Posts Tagged ‘max fisher’
Snowden’s Russia problem: Why a libertarian activist made friends with authoritarian states
When Edward Snowden announced to the world that he would stay in Hong Kong despite the looming threat of a U.S. extradition request, he explained that he trusted its reputation for rule of law and free speech, the same values he wished to promote in leaking information about classified U.S. surveillance programs. “My intention is to ask the courts and the people of Hong Kong to decide my fate,” he said. “I have been given no reason to doubt your system.”

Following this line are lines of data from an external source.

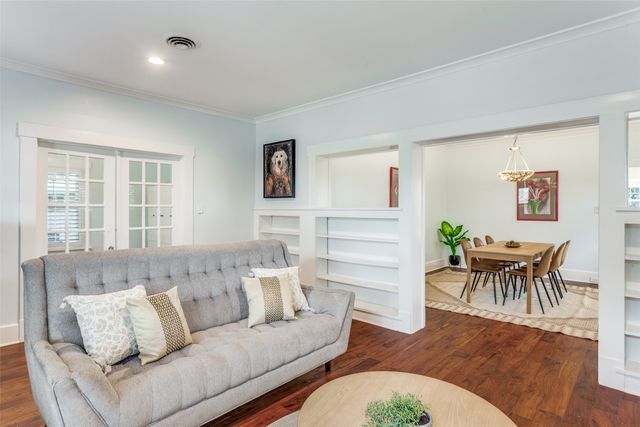 1204 Virginia Place, Fort Worth, TX 76107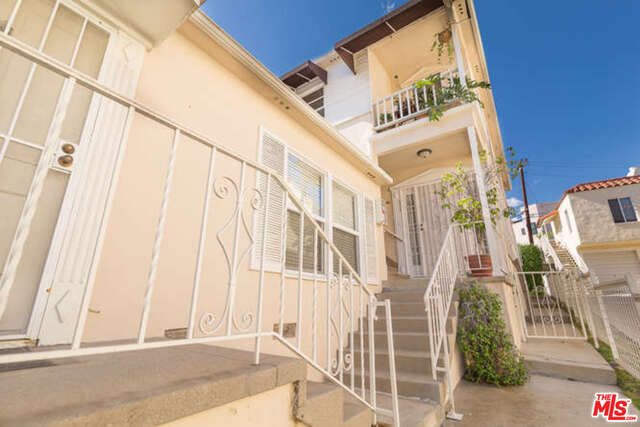 10773 Massachusetts Ave in Los Angeles, CA - Building Photo - Building Photo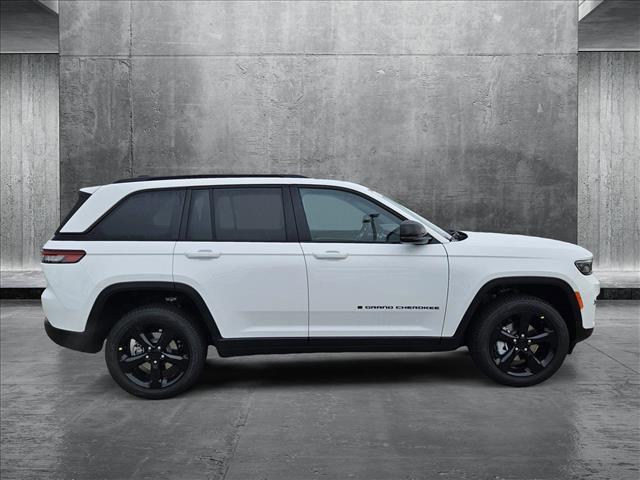 new 2025 Jeep Grand Cherokee car, priced at $41,256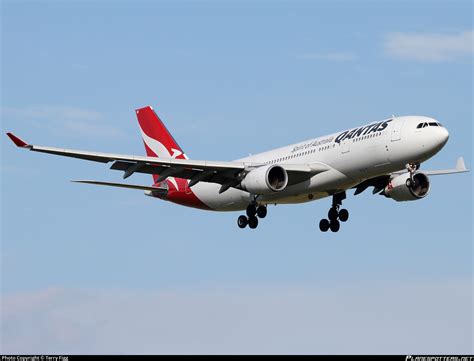 VH EBF Qantas Airbus A330 202 Photo By Terry Figg ID 1057219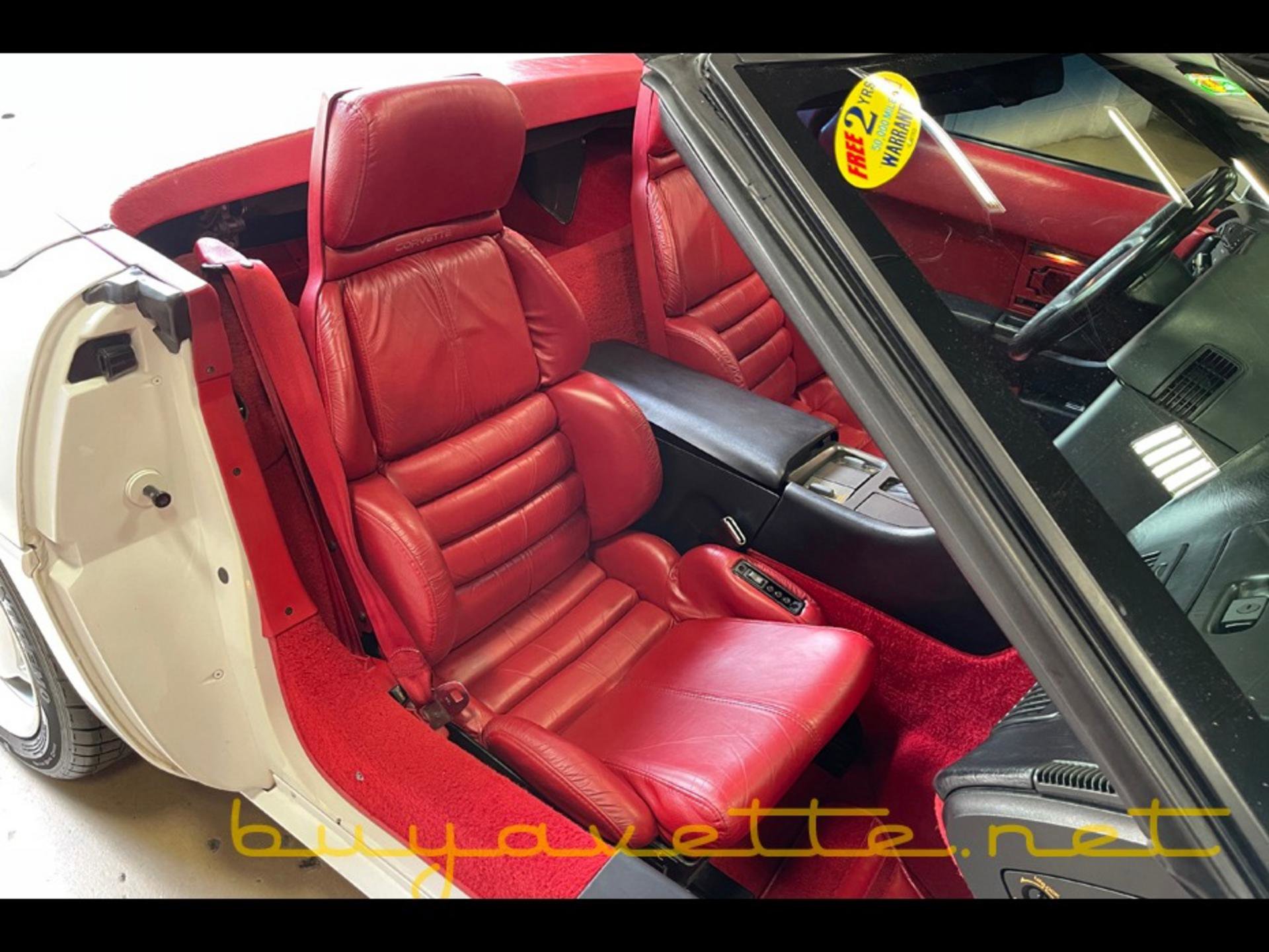 Used 1991 Chevrolet Corvette Convertible RWD image 23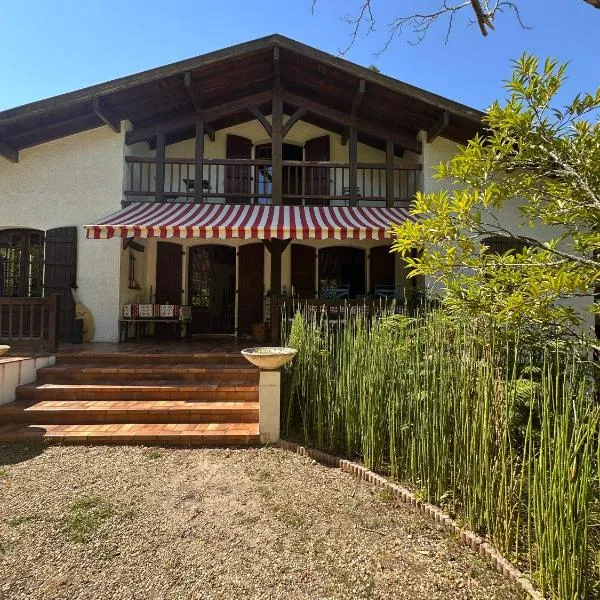 Yacumama Guesthouse, hotel din Soorts-Hossegor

That didn’t really work out. On Sunday, Snowden fled to Russia and may ultimately be bound for Ecuador by way of Cuba. That Snowden would switch strategies from throwing himself at the mercy of Hong Kong’s court system to seeking shelter with some of the world’s more authoritarian governments is a sign of how serious his dilemma has become. It’s a story of idealism giving way to self-preservation, but also of a young man who wanted to challenge state abuses getting swept up in geopolitics much larger than himself – and ending up an ally of governments that embody everything he wanted to fight with his initial leaks.

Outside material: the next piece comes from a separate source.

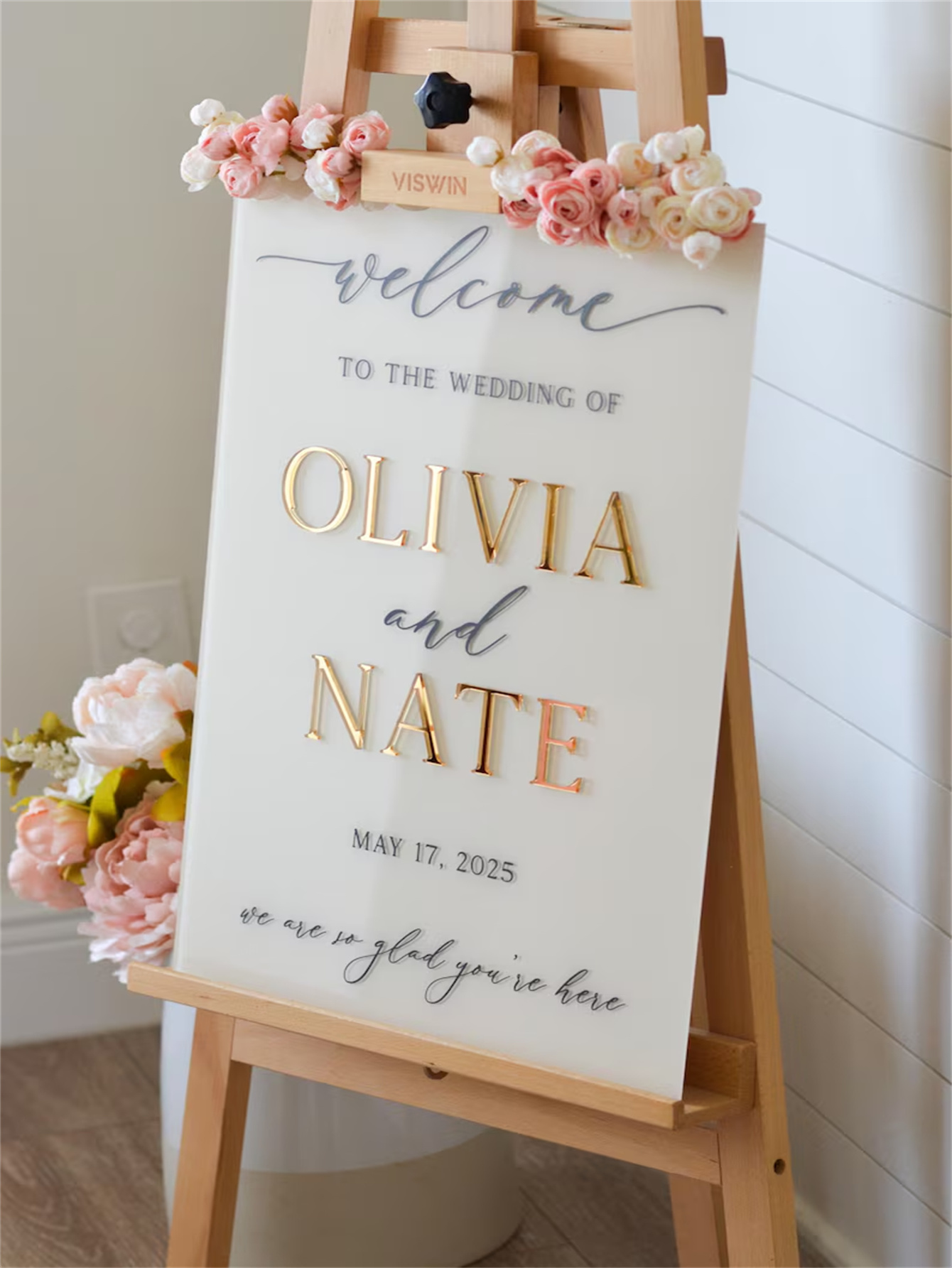 Wedding Welcome Sign - Personalized acrylic wedding welcome sign, modern and fashionable decoration of the wedding entrance. Welcome to our wedding sign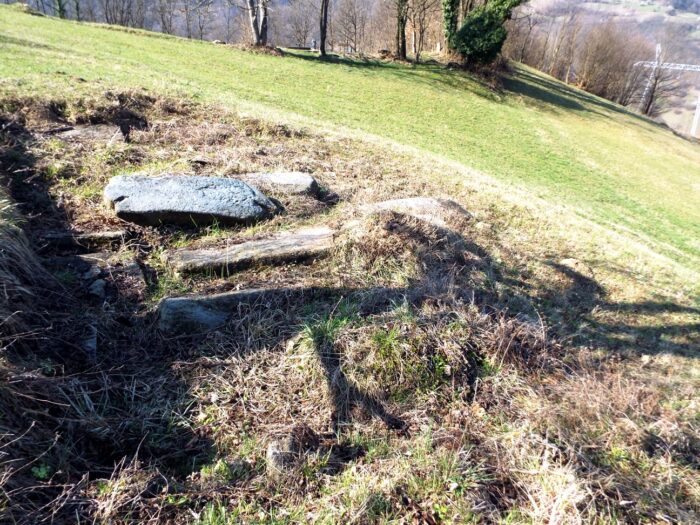 5. Svojdrug, Kovačevići, nadgrobni belezi na zapadnoj strani,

The trouble seemed to start for Snowden when he realized that if he stayed in Hong Kong, he could indeed face extradition to the United States on espionage charges. Even if he did win the right to political asylum, his case might have taken years – during which time he could have faced prison time and would likely have lost access to the computer that was so important to him. “If you were to deprive him of his computer, that would be totally intolerable,” a lawyer he retained told the New York Times. That lawyer also told the Financial Times, “He is a kid. I don’t think he anticipated that this would be such a big matter.”

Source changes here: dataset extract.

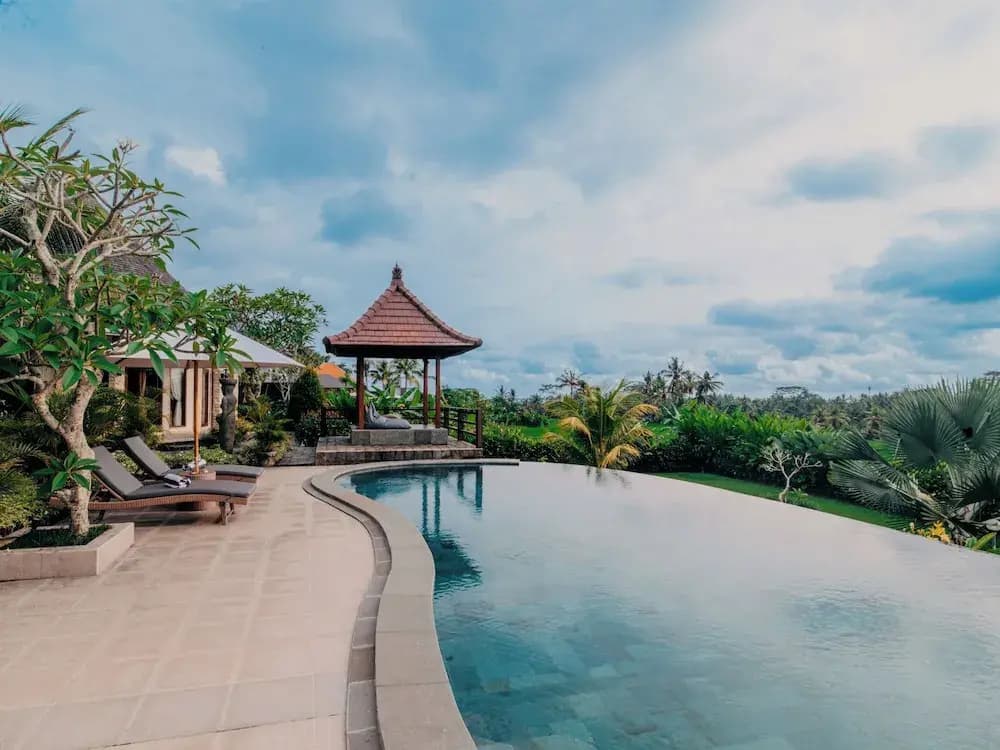 Silver Rooster Villa Ubud - photo 16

Snowden learned the hard way that asylum cases do not always rest on simple ethical questions as to whether or not the host government sympathizes with the asylum-seeker. More often, they are grueling, years-long trials in which the accused must typically demonstrate that his government is seeking him primarily for his political opinion rather than his violation of U.S. law. That’s not an impossible case to make – he might have argued that U.S.’s treatment of Bradley Manning, a previous leaker, could be seen as rising to the level of political persecution – but it’s not an easy one, given that Snowden broke U.S. law his own admission.